The region between the eye and bill on the side of a bird's head is called a lore. This region is sometimes featherless, and the skin may be tinted (as in many species of the cormorant family).
Alfred Hitchcock's The Birds
Birds and humans
Birds are an important food source for humans. The most commonly eaten species is the domestic chicken and its eggs, although geese, pheasants, turkeys, and ducks are also widely eaten. Other birds that have been utilized for food include emus, ostriches, pigeons, grouse, quails, doves, woodcocks, songbirds, and others, including small passerines such as finches.
At one time swans and flamingos were delicacies of the rich and powerful, although these are generally protected now.
Many species have become extinct through over-hunting, such as the Passenger Pigeon, and many others have become endangered or extinct through habitat destruction, deforestation and intensive agriculture being common causes for declines.
Numerous species have come to depend on human activities for food and are widespread to the point of being pests. For example, the common pigeon or Rock Dove (Columba livia) thrives in urban areas around the world. In North America, introduced House Sparrows, Common Starlings, and House Finches are similarly widespread.
Other birds have long been used by humans to perform tasks. For example, Homing pigeons were commonly used to carry messages before the advent of modern instant communications methods (many are still kept for sport). Falcons are still used for hunting, while cormorants are employed by fishermen. Chickens and pigeons are popular as experimental subjects, and are often used in biology and comparative psychology research. As birds are very sensitive to toxins, the Canary was historically used in coal mines to indicate the presence of poisonous gases, allowing miners sufficient time to escape without injury.

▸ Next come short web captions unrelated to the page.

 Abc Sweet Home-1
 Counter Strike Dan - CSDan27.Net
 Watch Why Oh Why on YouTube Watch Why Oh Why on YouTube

Colorful, particularly tropical, birds (e.g., parrots, and mynahs) are often kept as pets although this practice has led to the illegal trafficking of some endangered species; CITES, an international agreement adopted in 1963, has considerably reduced trafficking in the bird species it protects.
Bird diseases that can be contracted by humans include psittacosis, salmonellosis, campylobacteriosis, Newcastle's disease, mycobacteriosis (avian tuberculosis), avian influenza, giardiasis, and cryptosporidiosis.